The sharply divided California Public Utilities Commission Thursday approved the accounting steps Pacific Gas and Electric Co. needs to put its reorganization plan in effect for its scheduled April 12 exit from three years in Chapter 11 bankruptcy. The five-member CPUC’s vote was 3-0 with two dissenting members abstaining.
One of the dissenting members, Loretta Lynch, tried to have the item held, but by a 3-2 vote CPUC President Michael Peevey had the attempt overridden, and then proceeded to get the item passed. Lynch and her dissenting colleague, Carl Wood, abstained from the vote, claiming to vote might put them in violation with a court order.

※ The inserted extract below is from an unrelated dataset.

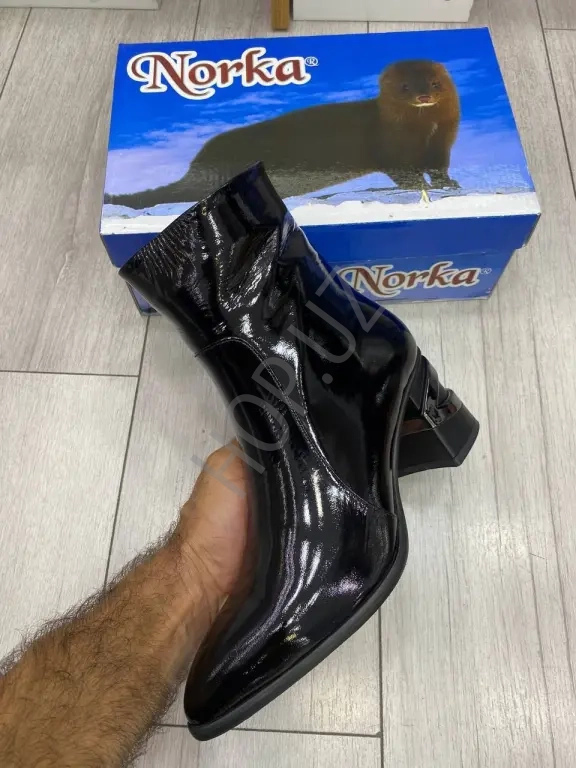 Лакированные ботинки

The two opposing commissioners filed a motion last Tuesday in the U. S. appeals court in San Francisco seeking to stay the implementation of the PG&E utility reorganization plan, reiterating their allegations that the settlement between the CPUC and the utility leading to the bankruptcy exit plan is illegal because it binds future state regulators over the nine-year life of the settlement, giving the federal bankruptcy court the right to override the state regulators.
The accounting plan approved by the CPUC Thursday establishes accounts covering electric utility ratemaking for distribution, generation, financial amortization and other utility operations.
Last Tuesday, the PG&E utility’s senior vice president and chief counsel, Roger J. Peters, called for the dismissal of the CPUC members’ motion in federal district court for a stay, alleging that the two commissioners’ joint motion was “without merit and unlawful.”
“It is regrettable Ms. Lynch and Mr. Wood have chosen to file their motion for stay asking a federal district court to prevent Pacific Gas and Electric Company from emerging from Chapter 11 as a financially healthy utility,” Peters said in a prepared statement issued late Tuesday. “The U.S. bankruptcy court and the CPUC addressed their arguments over three months ago.
“These bodies repeatedly determined that the Bankruptcy Court’s confirmation order and the settlement agreement between PG&E and the CPUC are consistent with state law and enforceable under federal law. As a result, we firmly believe this motion is without merit and the U.S. District Court, like the U.S. Bankruptcy Court, should refuse to stay the confirmation order.”
Calling the dissident regulators “irresponsible,” Peters said the legal move puts the utility customers at risk to pay tens of millions of dollars in higher financing costs that would result from a stay in the wake of PG&E’s utility receiving a resumption of investment-grade credit ratings and selling $6.7 billion in bonds as part of the financing to pay off nearly $12 billion to creditors as it emerges from Chapter 11.
The CPUC commissioners’ move could prevent the utility from taking advantage of what Peters called “historically low interest rates” for borrowing.